▶ **Source data**

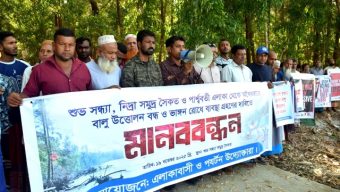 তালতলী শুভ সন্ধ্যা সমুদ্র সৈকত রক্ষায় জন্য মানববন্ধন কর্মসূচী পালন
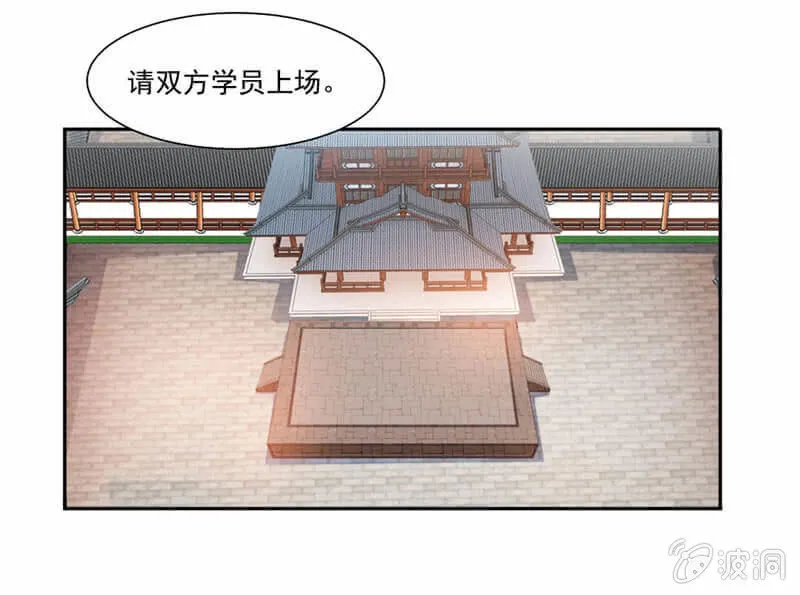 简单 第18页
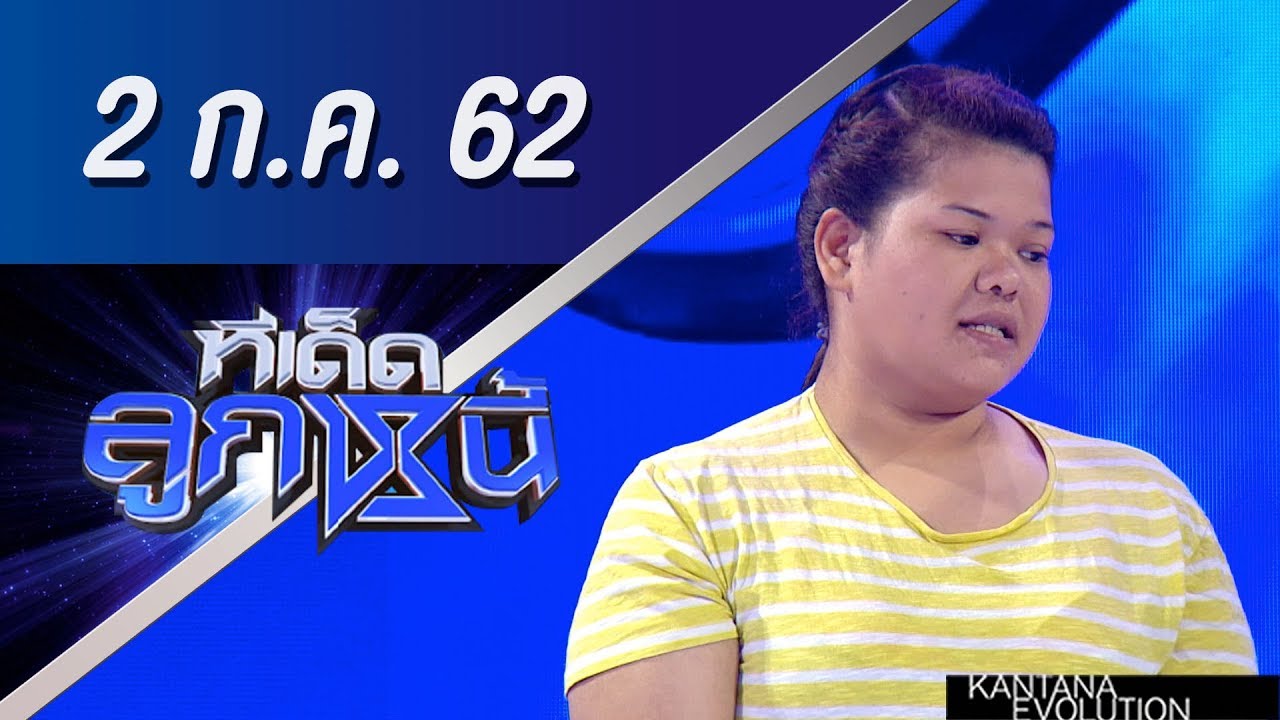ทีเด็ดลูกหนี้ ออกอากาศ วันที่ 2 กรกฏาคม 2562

==

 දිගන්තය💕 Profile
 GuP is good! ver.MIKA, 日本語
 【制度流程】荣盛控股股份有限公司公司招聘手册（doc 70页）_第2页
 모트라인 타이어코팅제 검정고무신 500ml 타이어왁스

▶ **What the task asks**
Output should match, line for line, the stretch of the material above from the line holding "GuP is good! ver.MIKA, 日本語" through the line holding "모트라인 타이어코팅제 검정고무신 500ml 타이어왁스".

▶ **Solution for this exercise**
 GuP is good! ver.MIKA, 日本語
 【制度流程】荣盛控股股份有限公司公司招聘手册（doc 70页）_第2页
 모트라인 타이어코팅제 검정고무신 500ml 타이어왁스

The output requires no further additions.